And this was really, I like The Rock.
I thought The Rock was a movie star.
I always felt like the Rock was a movie star, even dated back to WWW.
This was the movie where it was kind of like it unleashed the rock decade, you know, where it was like, oh, yeah.
Oh, the rock's like one of the biggest stars we have.
It didn't really fully feel like that until this movie.
You agree?
Yeah, I would agree with you there because this felt to me like they nailed exactly who the rock should be in movies.
Yeah.
This was a character going forward.
It was a little sketchy before then we kept like, we would get close to it when you had something like, like, I'm forgetting the name of it.
Was it Walking Tall?
Well, yeah.
When he plays the show.
Like we kept getting close to what he should be or could be in the movies.
And then this one showed up and it was like, okay, he is a mythic figure who just beats up everybody and he doesn't care about anything except the mission at hand.
Like that's great.
We don't need rock.
We don't need the rock acting.
We don't need the rock giving a monologue about his deceased daughter like in San Andreas.
We don't need that.
We need the rock to be big and to fight.
and that's all.
So his movies, like, if you just look at the five years before this,
Grid Iron Gang 2006.
That's good.
Yeah, I did enjoy Grid Iron Gang.
But he's at that point still going for the,
I'm crossing over, I'm a football coach.
You know, it was like his version of Dangerous Minds, basically.
He does the game plan.
He does get smart.
He does race to which mountain.
He's still kind of in that.
He's doing kids movies still.
He does Tooth Ferry in 2010.
He's in the other guys, and then he did faster, which is a movie I liked.
I didn't love it.
I don't think it was, you know, really the kind of movies he should have been doing was
like Shooter with Mark Wahlberg.
Like that just should have been, every type of script he was looking at should have been a script
like that.
But he does Fast Five and all of us kind of go, oh, oh, this is what he is.
And then from that point on, it becomes the rock decade.
What's funny is when you see him, when you watch the other guys, he plays partner cop with
Samuel L. Jackson and they're like the super cool cops and they say bad words and they crash their
car into buildings.

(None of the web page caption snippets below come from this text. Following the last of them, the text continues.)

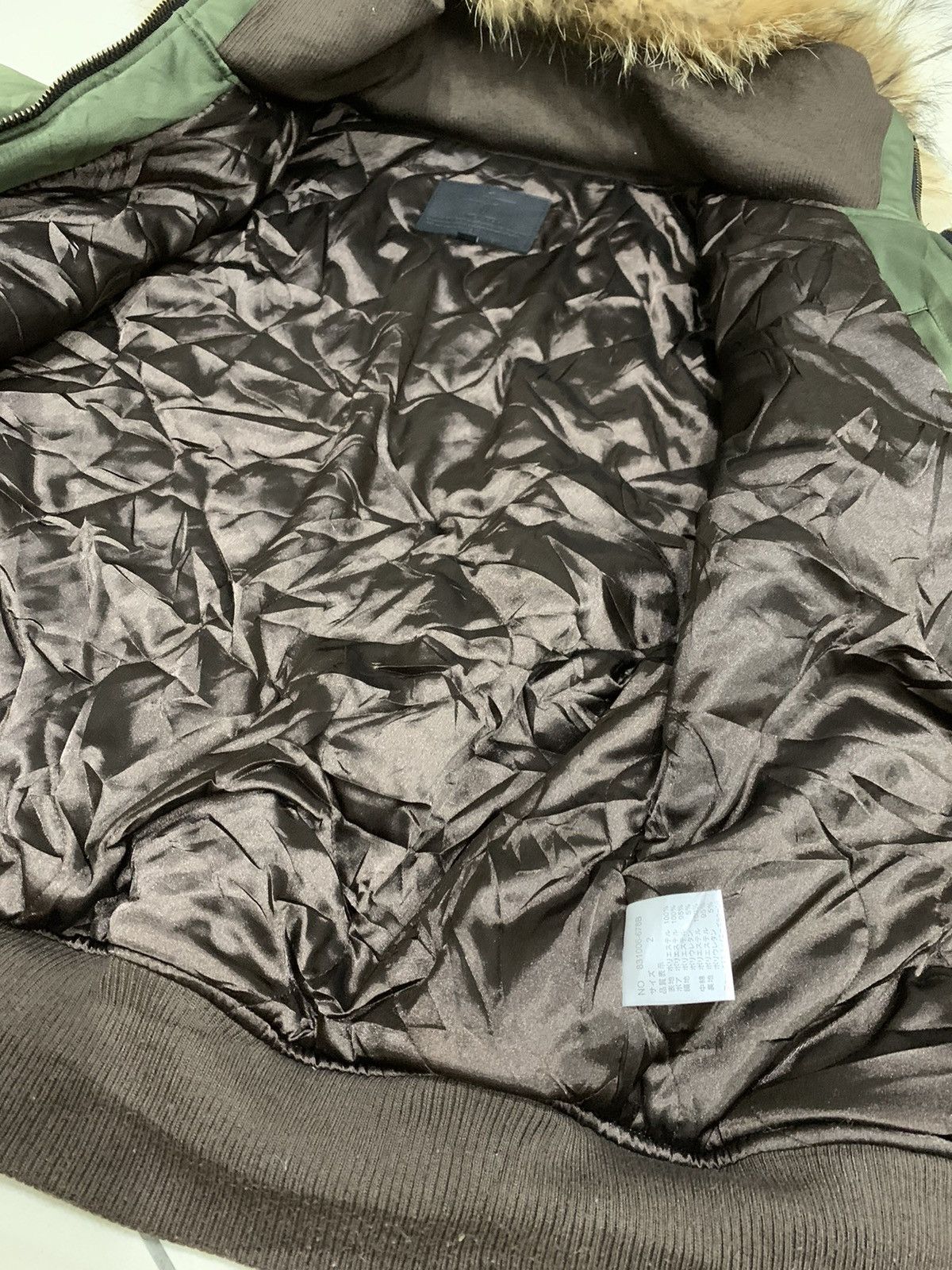 NO ID RACOON FUR INSULATED BOMBER JACKET LIKE NEW! Size US M / EU 48-50 / 2 - 8 Thumbnail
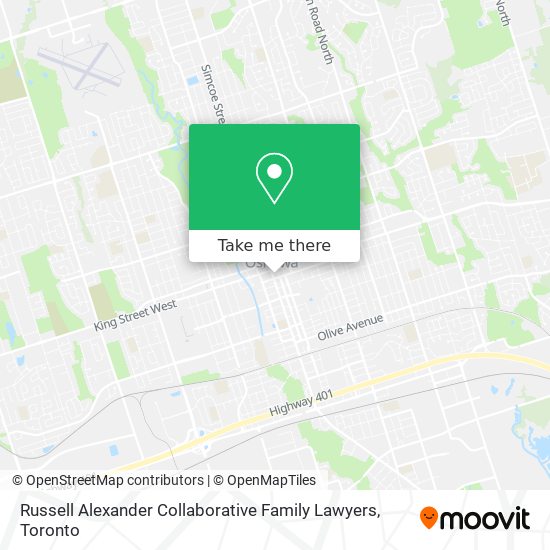Russell Alexander Collaborative Family Lawyers map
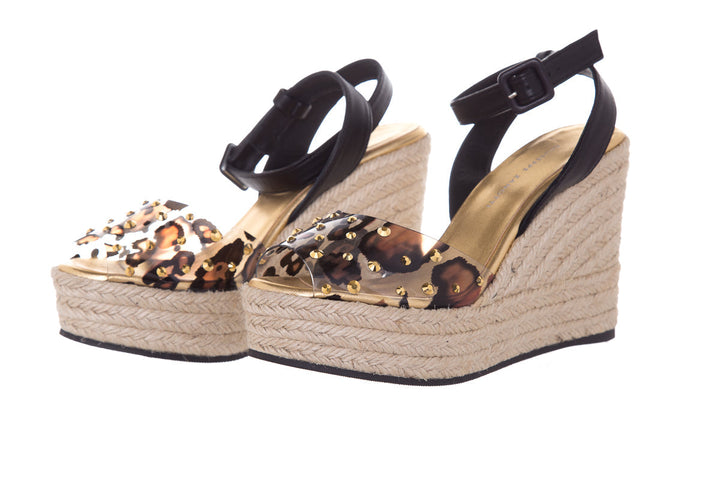 Guiseppe Zanotti Leopard PVC Espadrille SZ 37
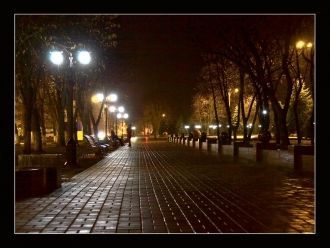 Ночной город Прилуки.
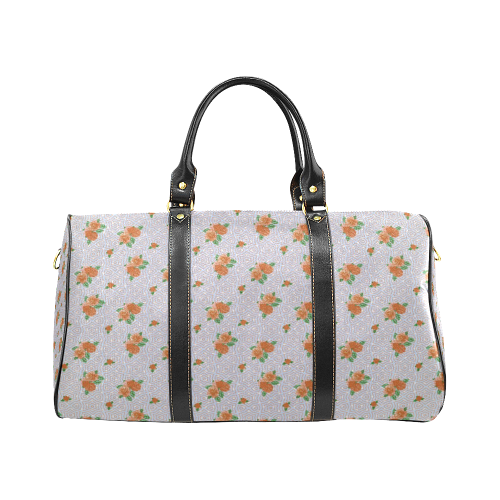Roses and Pattern 1A by JamColors New Waterproof Travel Bag/Small (Model 1639)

And it's like a joke that he's playing that character. And then they just do
that very seriously in Fast 5 the next year. And yeah, just like you said, when you watch it,
he has a line where he says, give me the vegetables. That's a line that the rock says in this movie.

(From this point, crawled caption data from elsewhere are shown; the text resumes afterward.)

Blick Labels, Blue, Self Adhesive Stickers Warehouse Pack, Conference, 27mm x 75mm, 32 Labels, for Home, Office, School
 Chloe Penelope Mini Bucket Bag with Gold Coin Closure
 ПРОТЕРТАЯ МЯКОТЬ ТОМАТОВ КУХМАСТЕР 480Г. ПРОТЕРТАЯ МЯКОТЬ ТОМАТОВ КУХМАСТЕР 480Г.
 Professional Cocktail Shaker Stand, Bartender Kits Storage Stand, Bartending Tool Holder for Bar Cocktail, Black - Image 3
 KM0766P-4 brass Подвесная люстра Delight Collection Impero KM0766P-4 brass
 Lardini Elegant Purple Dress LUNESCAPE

And it sounds like the coolest fucking thing I've ever heard in my life.
life every single time.
So this movie, obviously, you me and Adam Carolla, I think like these type of movies
the most out of all human beings.
I would put us at least in Mount Rushmore.
I don't know if the fourth person is.
And I actually saw Fast Five with Adam Carolla.
But, you know, we want great action scenes.
The perfect action movie, we want five or six great scenes.
We want a believable premise.
We want some unintentional comedy.
And we need at least one or two testosterone heroes because that's what we grew up with.
Your favorite action movie of all time is Predator, right?
Or it's like one of the top three?
That's up there for me.
I don't think it's my favorite, but it's definitely up there.
But that's like a classic testosterone movie that we grew up with.
The 80s were First Blood and Predator and Running Man, all these.
This movie feels like whatever this generation's, whatever's happening, it feels like,
It feels like there's some lineage with the 80s movies that we love
because everything crests in the absolutely incredible fight scene
with The Rock and Dom, which we're going to break down,
which the movies leading to it.
I remember being in the theater, it's like,
are they going to give us this?
They're circling around it.
Is this going to happen?
And then it happens.
And it's two minutes long.
And it is just delightful.
Could you have thrown in one more car?
car race in this movie?
Would you have one more?
I don't want to see any other car races.
They got every single part of this movie, right.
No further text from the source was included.